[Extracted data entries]
────────────────────────────────────────

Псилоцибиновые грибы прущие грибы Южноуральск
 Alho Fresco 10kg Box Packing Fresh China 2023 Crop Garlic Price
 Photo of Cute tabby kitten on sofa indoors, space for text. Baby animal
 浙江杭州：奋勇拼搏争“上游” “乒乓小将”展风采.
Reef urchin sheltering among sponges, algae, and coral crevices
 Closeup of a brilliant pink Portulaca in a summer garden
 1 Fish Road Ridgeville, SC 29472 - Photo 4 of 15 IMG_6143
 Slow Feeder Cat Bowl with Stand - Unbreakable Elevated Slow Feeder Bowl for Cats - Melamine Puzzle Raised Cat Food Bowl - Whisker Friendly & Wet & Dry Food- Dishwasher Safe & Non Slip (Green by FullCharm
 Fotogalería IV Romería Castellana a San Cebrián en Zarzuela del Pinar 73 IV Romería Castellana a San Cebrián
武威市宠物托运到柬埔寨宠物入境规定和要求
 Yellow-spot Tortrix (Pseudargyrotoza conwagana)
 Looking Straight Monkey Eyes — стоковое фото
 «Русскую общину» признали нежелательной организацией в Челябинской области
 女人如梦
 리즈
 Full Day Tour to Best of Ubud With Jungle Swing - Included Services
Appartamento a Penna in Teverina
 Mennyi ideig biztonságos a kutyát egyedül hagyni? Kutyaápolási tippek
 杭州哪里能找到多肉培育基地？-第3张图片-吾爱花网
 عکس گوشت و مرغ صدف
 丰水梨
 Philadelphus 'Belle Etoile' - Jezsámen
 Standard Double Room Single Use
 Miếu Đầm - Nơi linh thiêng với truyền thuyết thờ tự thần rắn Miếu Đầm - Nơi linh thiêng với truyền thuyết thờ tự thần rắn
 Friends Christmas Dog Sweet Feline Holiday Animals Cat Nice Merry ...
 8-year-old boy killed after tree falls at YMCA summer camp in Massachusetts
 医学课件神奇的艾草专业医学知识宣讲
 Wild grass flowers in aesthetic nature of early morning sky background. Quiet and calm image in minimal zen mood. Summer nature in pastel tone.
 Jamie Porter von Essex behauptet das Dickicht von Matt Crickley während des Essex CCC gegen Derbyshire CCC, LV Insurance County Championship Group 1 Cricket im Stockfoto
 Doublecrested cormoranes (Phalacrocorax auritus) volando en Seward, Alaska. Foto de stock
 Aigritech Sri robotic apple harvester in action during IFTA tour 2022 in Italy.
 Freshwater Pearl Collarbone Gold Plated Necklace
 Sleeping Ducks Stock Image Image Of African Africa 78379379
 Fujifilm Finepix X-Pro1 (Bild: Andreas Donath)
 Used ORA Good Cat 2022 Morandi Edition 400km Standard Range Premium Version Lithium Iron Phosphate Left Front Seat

────────────────────────────────────────

■ **What to do**: For the entries above, transcribe precisely the lines from the one with "thần rắn Miếu" through the end, including both.

■ **Completed exercise**:
 Miếu Đầm - Nơi linh thiêng với truyền thuyết thờ tự thần rắn Miếu Đầm - Nơi linh thiêng với truyền thuyết thờ tự thần rắn
 Friends Christmas Dog Sweet Feline Holiday Animals Cat Nice Merry ...
 8-year-old boy killed after tree falls at YMCA summer camp in Massachusetts
 医学课件神奇的艾草专业医学知识宣讲
 Wild grass flowers in aesthetic nature of early morning sky background. Quiet and calm image in minimal zen mood. Summer nature in pastel tone.
 Jamie Porter von Essex behauptet das Dickicht von Matt Crickley während des Essex CCC gegen Derbyshire CCC, LV Insurance County Championship Group 1 Cricket im Stockfoto
 Doublecrested cormoranes (Phalacrocorax auritus) volando en Seward, Alaska. Foto de stock
 Aigritech Sri robotic apple harvester in action during IFTA tour 2022 in Italy.
 Freshwater Pearl Collarbone Gold Plated Necklace
 Sleeping Ducks Stock Image Image Of African Africa 78379379
 Fujifilm Finepix X-Pro1 (Bild: Andreas Donath)
 Used ORA Good Cat 2022 Morandi Edition 400km Standard Range Premium Version Lithium Iron Phosphate Left Front Seat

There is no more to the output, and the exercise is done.